(Source material begins)
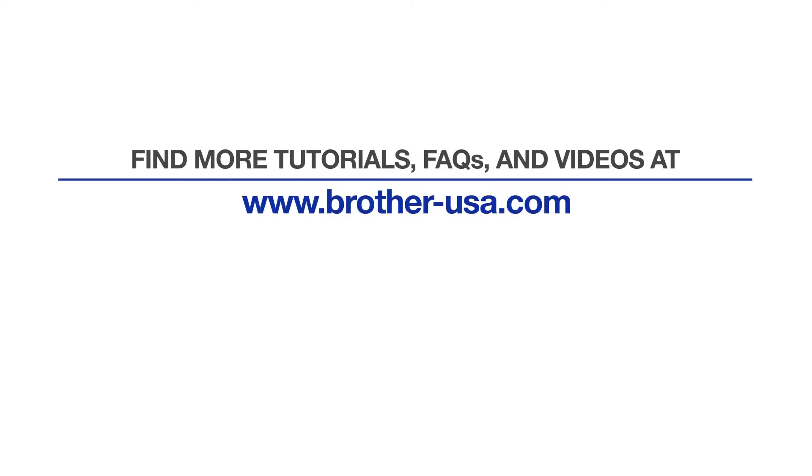For more tutorials, FAQs, and videos, visit us at www.brother-usa.com. If you found this video helpful, be sure to subscribe. Thank you for choosing Brother.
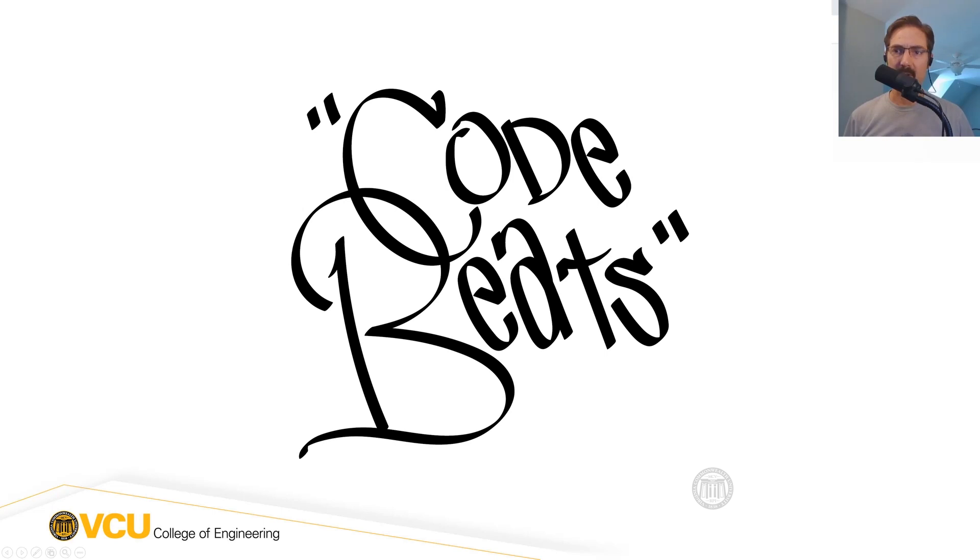Hey, this is Dave Shepard and today I'd like to tell you just a little bit about CodeBeats.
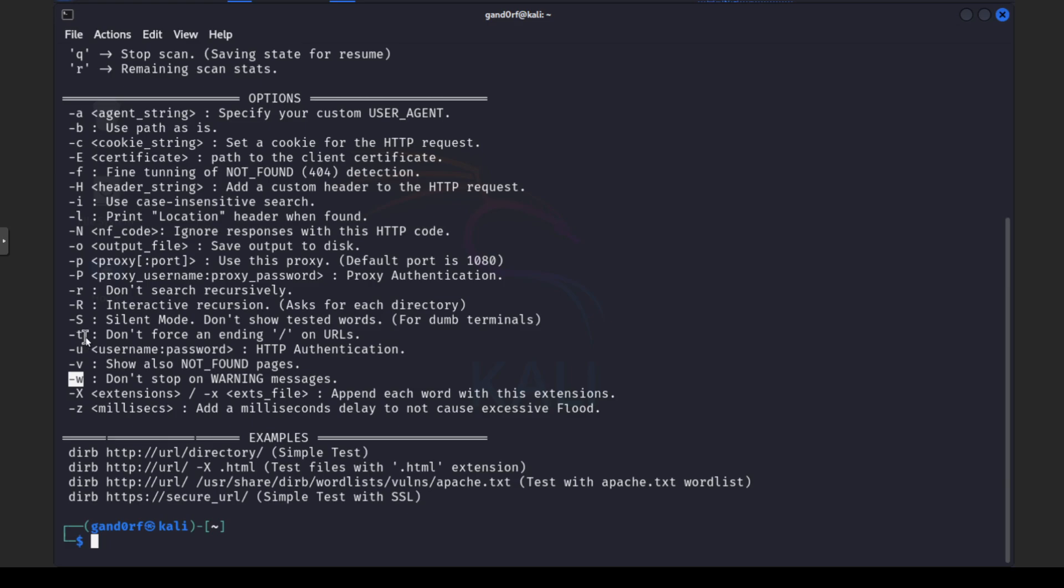And another option I like to use if I'm using this tool is dash T. That way it doesn't append the slash on the end of the URL because sometimes it can return false results or you can miss something. I forgot to show it with FFUF and it's a dash lowercase E on there. And this tool is a dash capital X for extension. It works the same. You just give your extensions like HTML, PHP, TXT, and a unique one that I recently came across on a box on TryHackMe, DB for database. You just put those in, comma separating them, no spaces, and the tool will append them onto the words as it searches.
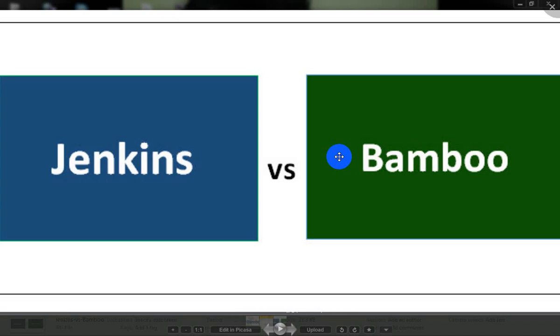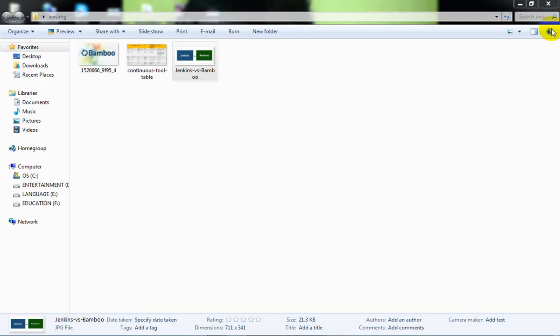For integration: JIRA integrates with Jenkins, and JIRA also integrates with Bamboo. So these are some more differences we can see. This is the Jenkins comparison. Thank you very much.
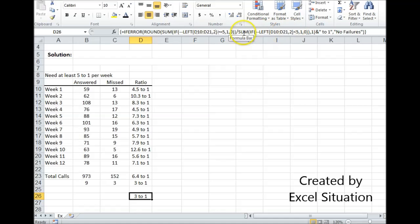The denominator is the same formula, except for now it's looking for less than five. And this is what's returning the three.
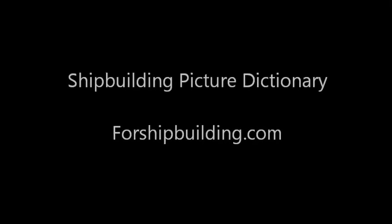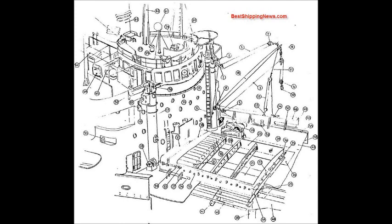Shipbuilding Picture Dictionary for Shipbuilding.com. Topping Lift, Topping Lift Block.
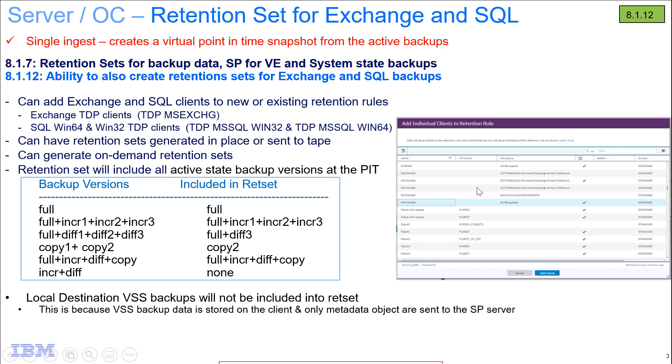And if it's incremental plus differential only, then it'll be none of them. Another thing to note is that the local destination VSS backups will not be included in RETSET. This is because only the metadata is sent to the Spectrum Protect server, so we have no access to the actual backup data.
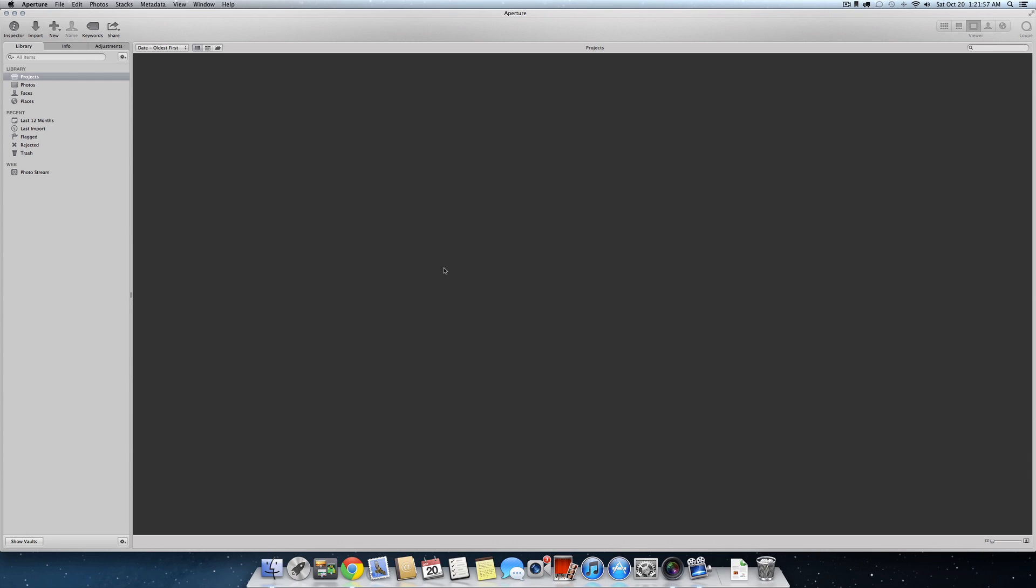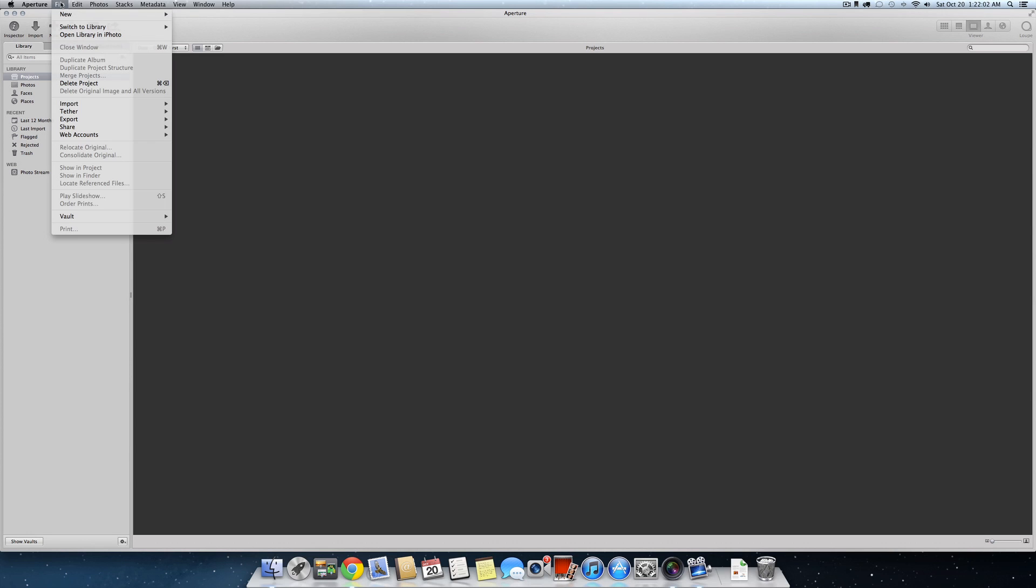So very easy. Open Aperture, and in the top menu up here, you will select File, and you will select Import, and then you will go to Library.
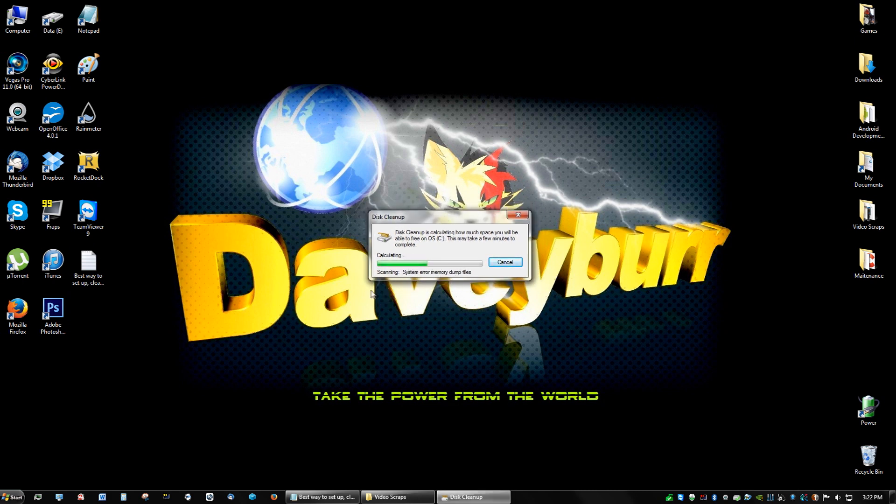So after it calculated everything, you're just going to check everything—just check everything, don't be scared to check everything—and click OK, and click delete files. Then it's going to be deleting temporary files in your operating system, and it's going to also delete your recycling bin. So if you have anything in the recycling bin you don't want to delete, take it back out.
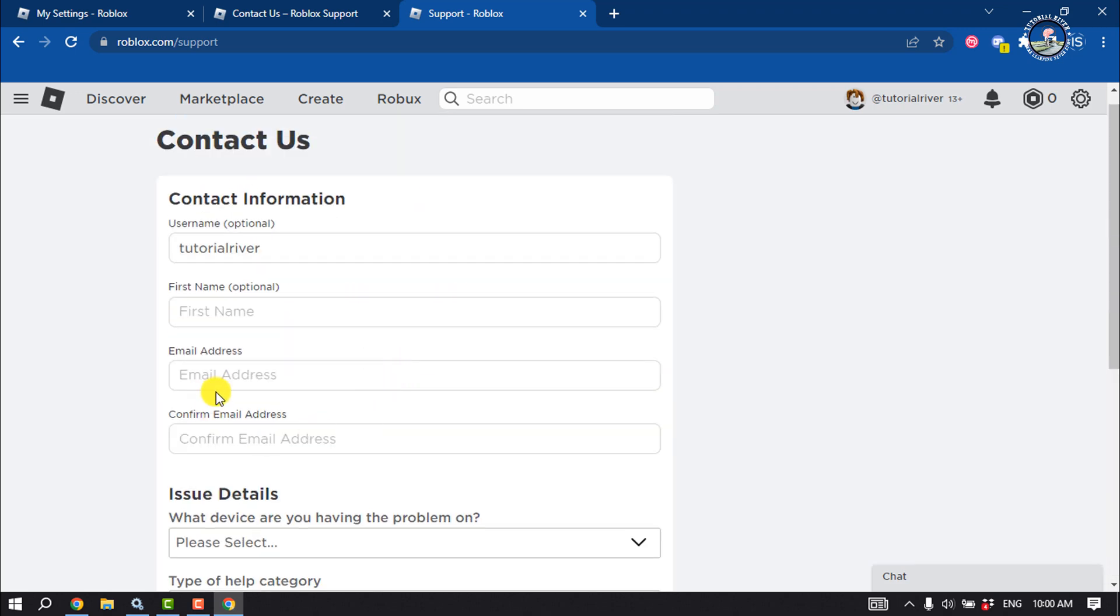Make sure to include your email address because Roblox will contact you through this email. This is the only way to change your Roblox account location.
(Source material ends)
Task prompt: Here the job is to copy the stretch of records from the line containing "For integration: JIRA" through the line containing "And if it's", word for word. Leave every picture out.

Answer to the problem:
For integration: JIRA integrates with Jenkins, and JIRA also integrates with Bamboo. So these are some more differences we can see. This is the Jenkins comparison. Thank you very much.
The denominator is the same formula, except for now it's looking for less than five. And this is what's returning the three.
Shipbuilding Picture Dictionary for Shipbuilding.com. Topping Lift, Topping Lift Block.
And if it's incremental plus differential only, then it'll be none of them. Another thing to note is that the local destination VSS backups will not be included in RETSET. This is because only the metadata is sent to the Spectrum Protect server, so we have no access to the actual backup data.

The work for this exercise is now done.